=== Begin Enclosure ===

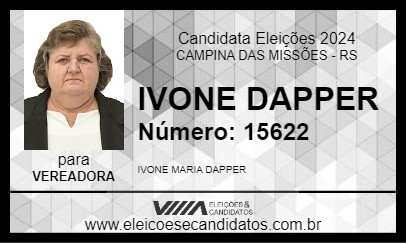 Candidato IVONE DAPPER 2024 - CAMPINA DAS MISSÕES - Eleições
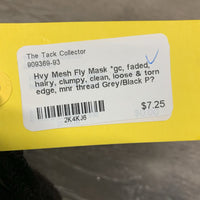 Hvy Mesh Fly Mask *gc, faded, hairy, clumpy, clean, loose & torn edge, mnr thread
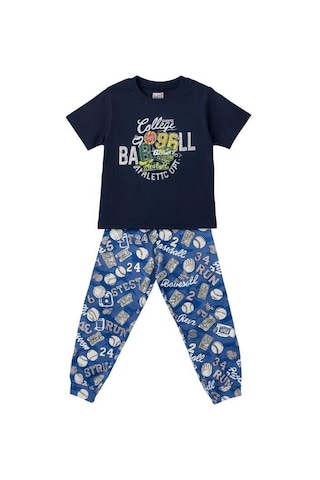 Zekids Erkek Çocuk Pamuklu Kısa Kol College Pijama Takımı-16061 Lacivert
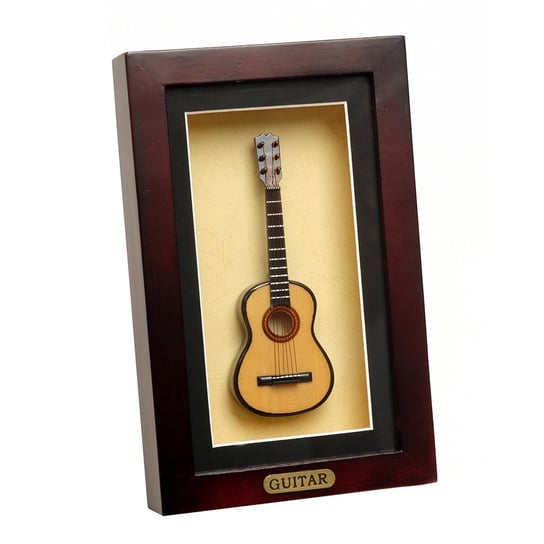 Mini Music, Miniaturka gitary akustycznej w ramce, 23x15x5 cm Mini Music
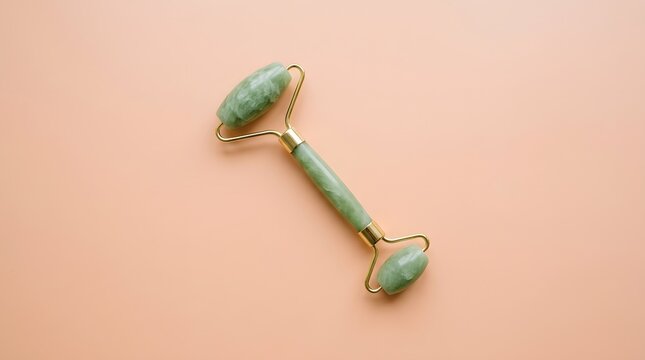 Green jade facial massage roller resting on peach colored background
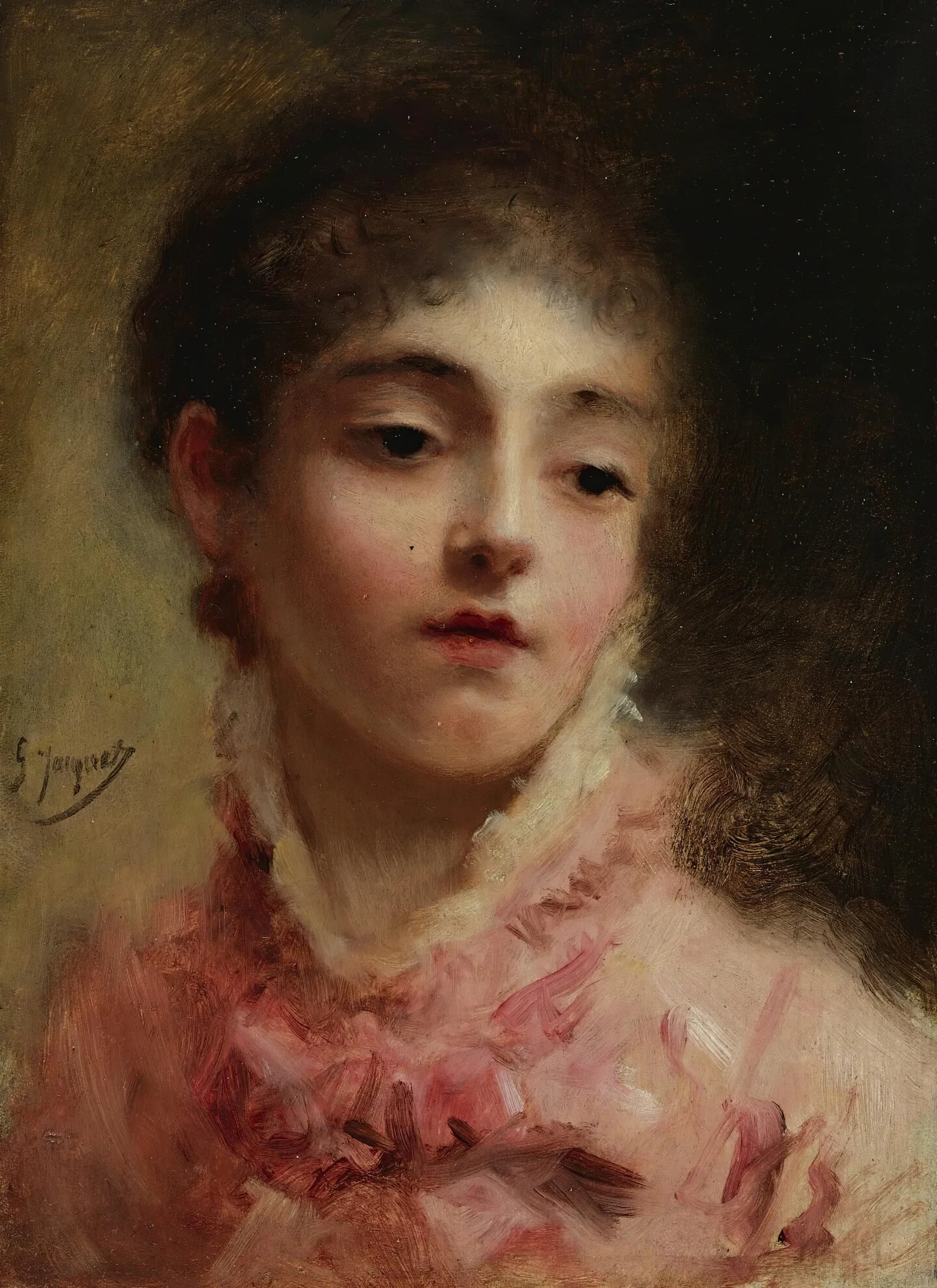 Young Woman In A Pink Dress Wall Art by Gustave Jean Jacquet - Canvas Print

=== End Enclosure ===

# What you have to do
The records above should be output exactly, but without any of their pictures.

# Worked solution
 Candidato IVONE DAPPER 2024 - CAMPINA DAS MISSÕES - Eleições
 Hvy Mesh Fly Mask *gc, faded, hairy, clumpy, clean, loose & torn edge, mnr thread
 Zekids Erkek Çocuk Pamuklu Kısa Kol College Pijama Takımı-16061 Lacivert
 Mini Music, Miniaturka gitary akustycznej w ramce, 23x15x5 cm Mini Music
 Green jade facial massage roller resting on peach colored background
 Young Woman In A Pink Dress Wall Art by Gustave Jean Jacquet - Canvas Print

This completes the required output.